Get the following information for the publisher's writer DB instance:

  • The virtual private cloud (VPC) identifier

  • The subnet group

  • The Availability Zone (AZ)

  • The VPC security group

  • The DB instance ID

Get the following information for the subscriber's DB instance:

  • The DB instance ID

  • The source engine

To use Amazon DMS for logical replication with Aurora PostgreSQL

  1. Prepare the publisher database to work with Amazon DMS.

    To do this, PostgreSQL 10.x and later databases require that you apply Amazon DMS wrapper functions to the publisher database. For details on this and later steps, see the instructions in Using PostgreSQL version 10.x and later as a source for Amazon DMS in the Amazon Database Migration Service User Guide.

  2. Sign in to the Amazon Web Services Management Console and open the Amazon DMS console at https://console.amazonaws.cn/dms/v2. At top right, choose the same Amazon Region in which the publisher and subscriber are located.

  3. Create an Amazon DMS replication instance.

    Choose values that are the same as for your publisher's writer DB instance. These include the following settings:

    • For VPC, choose the same VPC as for the writer DB instance.

    • For Replication Subnet Group, choose a subnet group with the same values as the writer DB instance. Create a new one if necessary.

    • For Availability zone, choose the same zone as for the writer DB instance.

    • For VPC Security Group, choose the same group as for the writer DB instance.

  4. Create an Amazon DMS endpoint for the source.

    Specify the publisher as the source endpoint by using the following settings:

    • For Endpoint type, choose Source endpoint.

    • Choose Select RDS DB Instance.

    • For RDS Instance, choose the DB identifier of the publisher's writer DB instance.

    • For Source engine, choose postgres.

  5. Create an Amazon DMS endpoint for the target.

    Specify the subscriber as the target endpoint by using the following settings:

    • For Endpoint type, choose Target endpoint.

    • Choose Select RDS DB Instance.

    • For RDS Instance, choose the DB identifier of the subscriber DB instance.

    • Choose a value for Source engine. For example, if the subscriber is an RDS PostgreSQL database, choose postgres. If the subscriber is an Aurora PostgreSQL database, choose aurora-postgresql.

  6. Create an Amazon DMS database migration task.

    You use a database migration task to specify what database tables to migrate, to map data using the target schema, and to create new tables on the target database.
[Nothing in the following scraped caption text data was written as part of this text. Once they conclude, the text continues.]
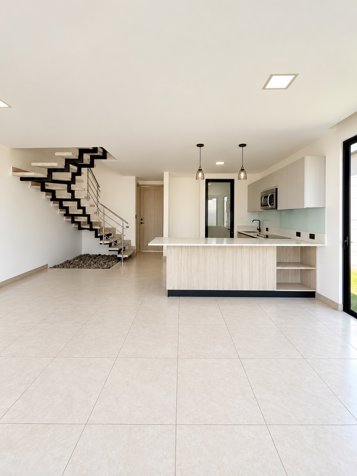 Alquiler en Lindora en Pozos, Santa Ana, San José — $2,350 - Foto 2 de 12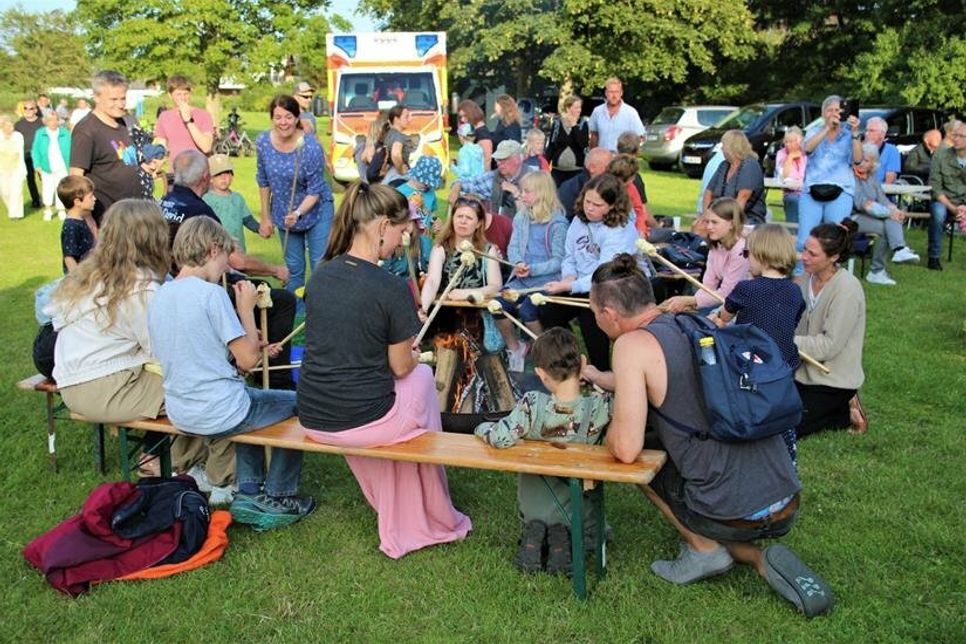 Das beliebte Stockbrot backen für die Kleinen.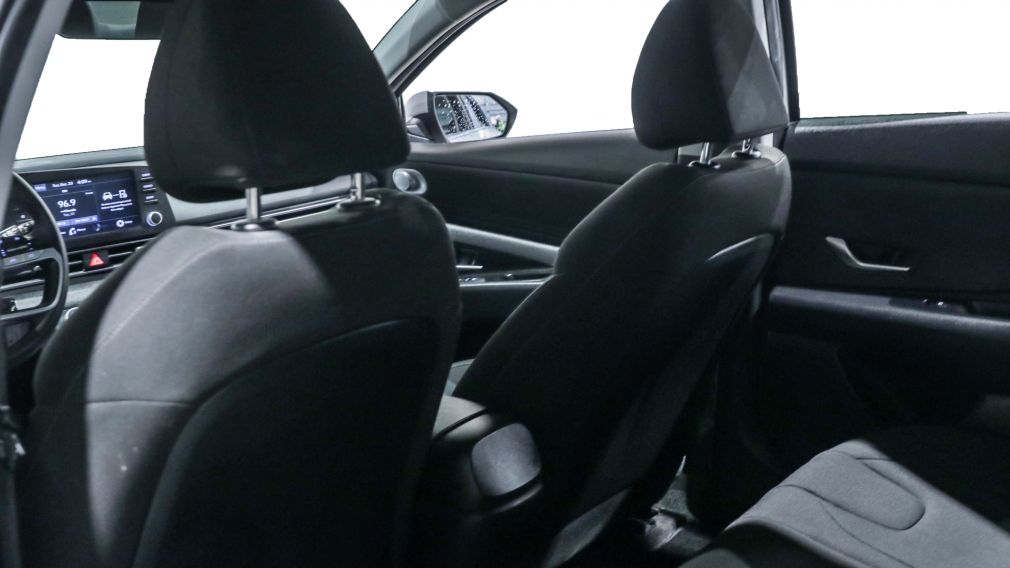 Hyundai Elantra Essential 2021 d&rsquo;occasion à vendre - 17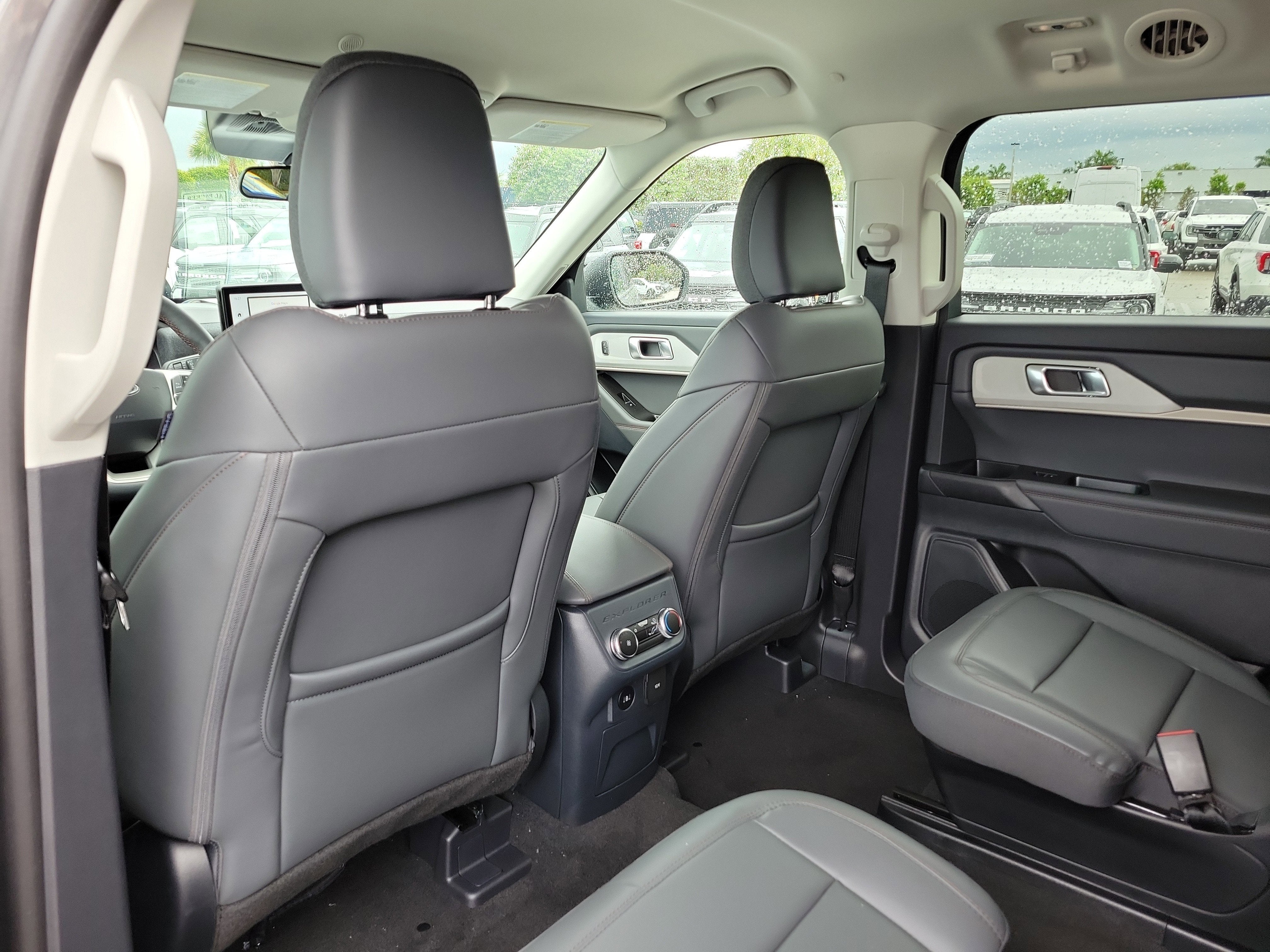 2026 Ford Explorer XLT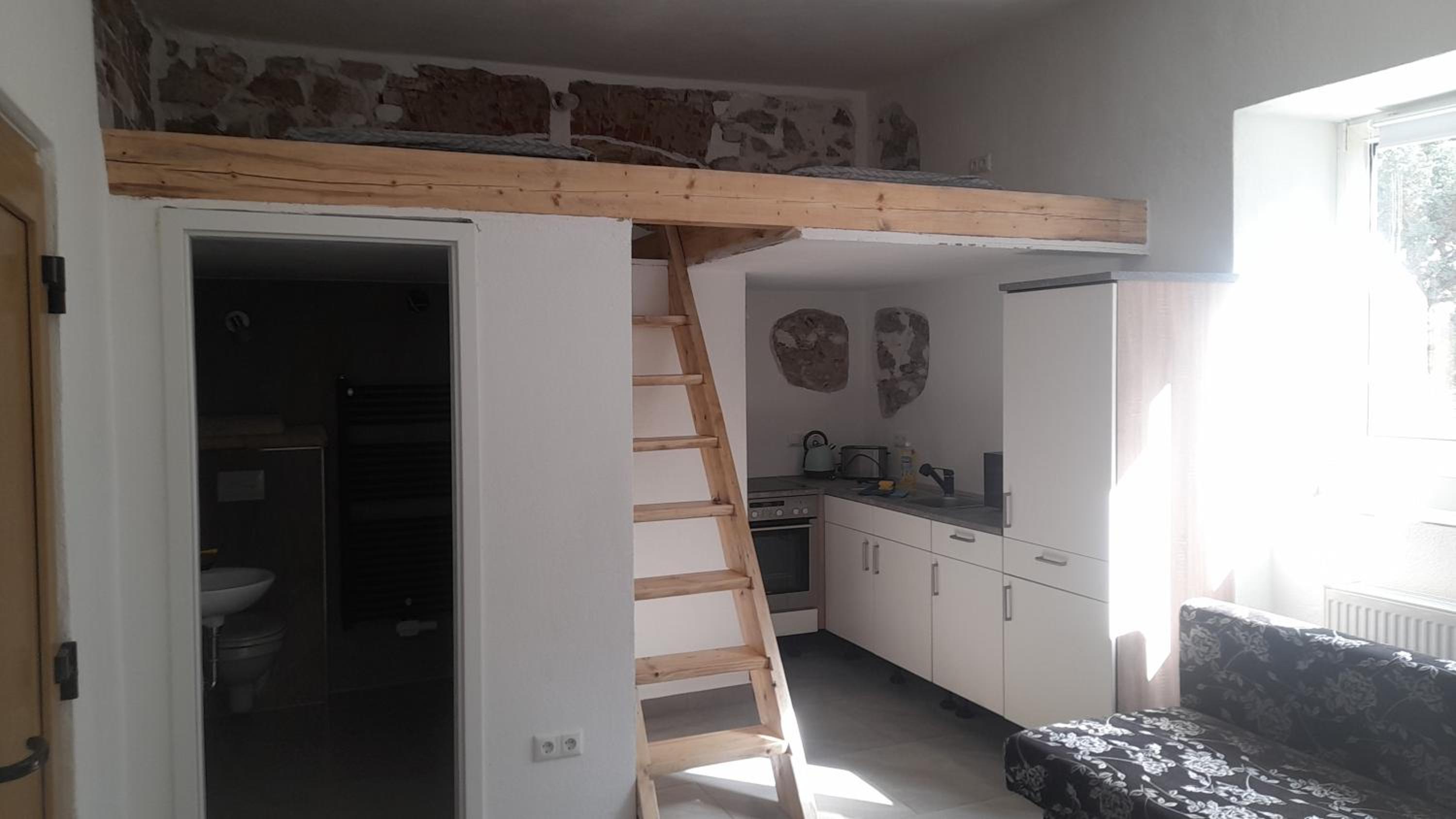 Standard Studio - Photo 4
At a minimum, use the following settings for Task configuration:

    • For Replication instance, choose the replication instance that you created in an earlier step.

    • For Source database endpoint, choose the publisher source that you created in an earlier step.

    • For Target database endpoint, choose the subscriber target that you created in an earlier step.

    The rest of the task details depend on your migration project. For more information about specifying all the details for DMS tasks, see Working with Amazon DMS tasks in the Amazon Database Migration Service User Guide.

After Amazon DMS creates the task, it begins migrating data from the publisher to the subscriber.

Stopping logical replication

You can stop using logical replication.

To stop using logical replication

  1. Drop all replication slots.

    To drop all of the replication slots, connect to the publisher and run the following SQL command

    SELECT pg_drop_replication_slot(slot_name) FROM pg_replication_slots WHERE slot_name IN (SELECT slot_name FROM pg_replication_slots);

    The replication slots can't be active when you run this command.

  2. Modify the DB cluster parameter group associated with the publisher, as described in Modifying parameters in a DB cluster parameter group. Set the rds.logical_replication static parameter to 0.

  3. Restart the publisher DB cluster for the change to the rds.logical_replication static parameter to take effect.